◆ **Prompt**
Restate word for word the part of the material that runs from the line containing "A roadside stop" through its final line, inclusive, minus the pictures.

◆ **Data extract**
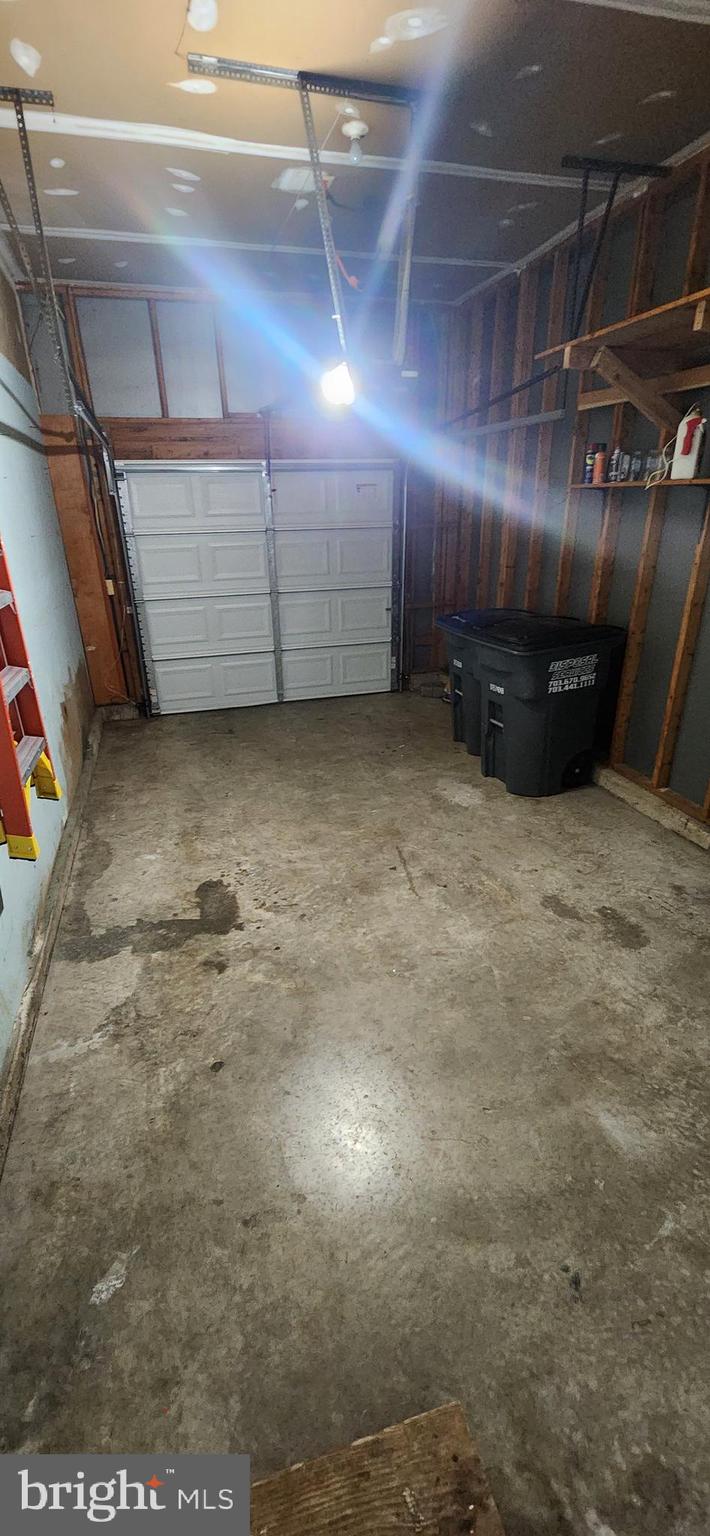 PARK RIDGE - Residential Lease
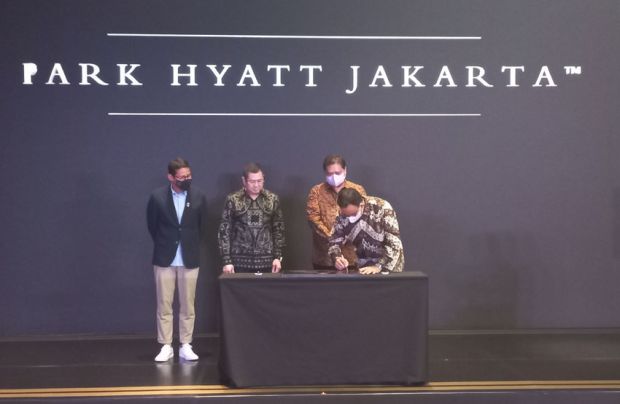 HT Resmikan Park Hyaatt Jakarta, 2 Menteri dan Gubernur DKI Teken Prasasti
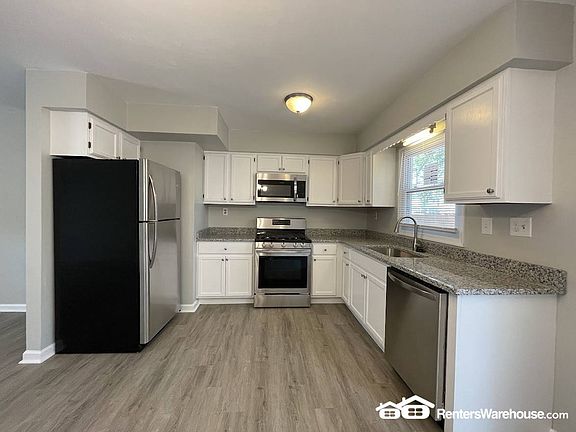 2nd image of 5822 Campbell St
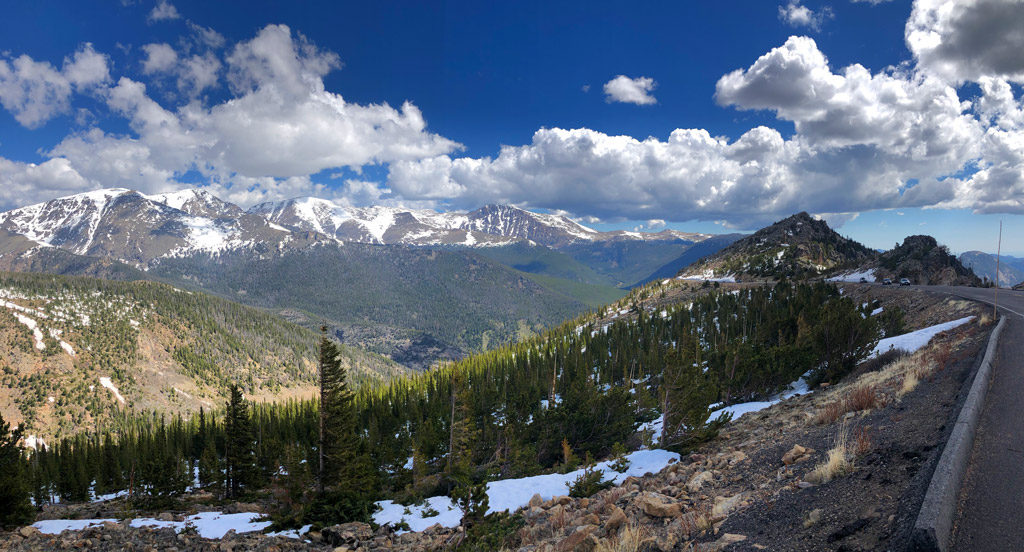 A roadside stop on Trail Ridge Road in Rocky Mountain National Park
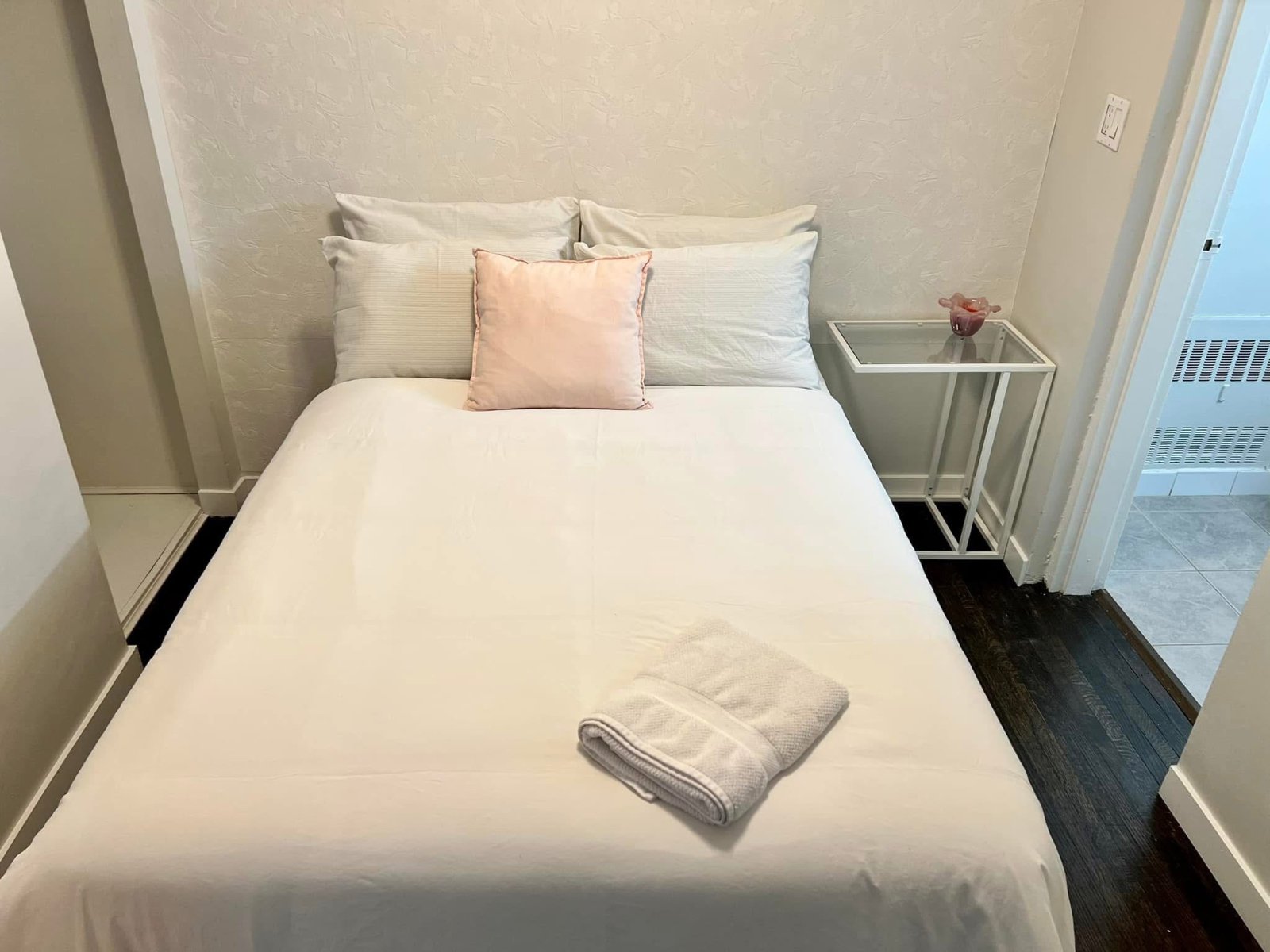 Studio Apartment for Rent - 1057 Barclay St, Vancouver, BC 2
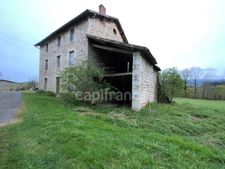 Proche de NOIRETABLE   MAISON EN PIERRE de 180 M2 avec son hangar sur terrain arboré de 7400m2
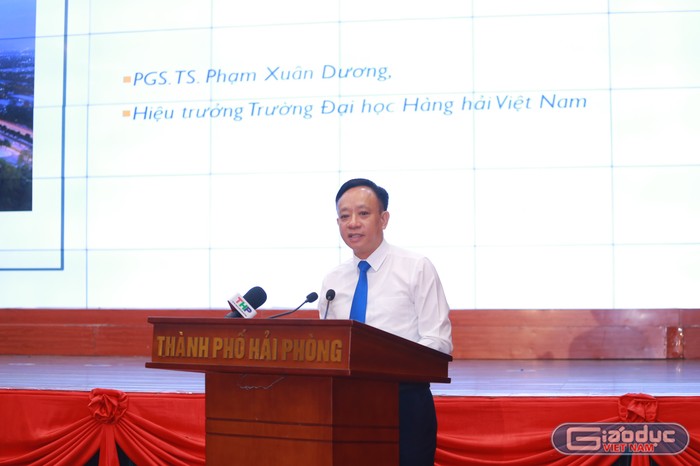 Phó giáo sư, Tiến sĩ Phạm Xuân Dương – Hiệu trưởng Trường Đại học Hàng hải Việt Nam phát biểu tại hội nghị gặp gỡ, đối thoại với tri thức khoa học của Thường trực Thành uỷ Hải Phòng (Ảnh: LT) GDVN_PGS.Pham-Xuan-Duong-2.jpg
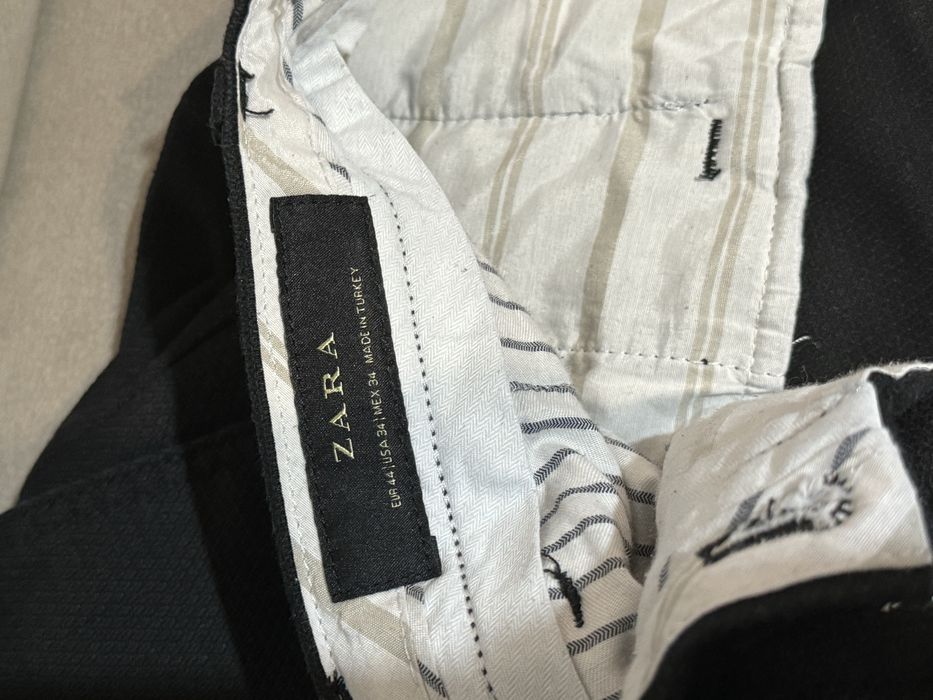 Pantaloni negri Zara, purtati o singura data, stare foarte buna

◆ **Your response**
 A roadside stop on Trail Ridge Road in Rocky Mountain National Park
 Studio Apartment for Rent - 1057 Barclay St, Vancouver, BC 2
 Proche de NOIRETABLE   MAISON EN PIERRE de 180 M2 avec son hangar sur terrain arboré de 7400m2
 Phó giáo sư, Tiến sĩ Phạm Xuân Dương – Hiệu trưởng Trường Đại học Hàng hải Việt Nam phát biểu tại hội nghị gặp gỡ, đối thoại với tri thức khoa học của Thường trực Thành uỷ Hải Phòng (Ảnh: LT) GDVN_PGS.Pham-Xuan-Duong-2.jpg
 Pantaloni negri Zara, purtati o singura data, stare foarte buna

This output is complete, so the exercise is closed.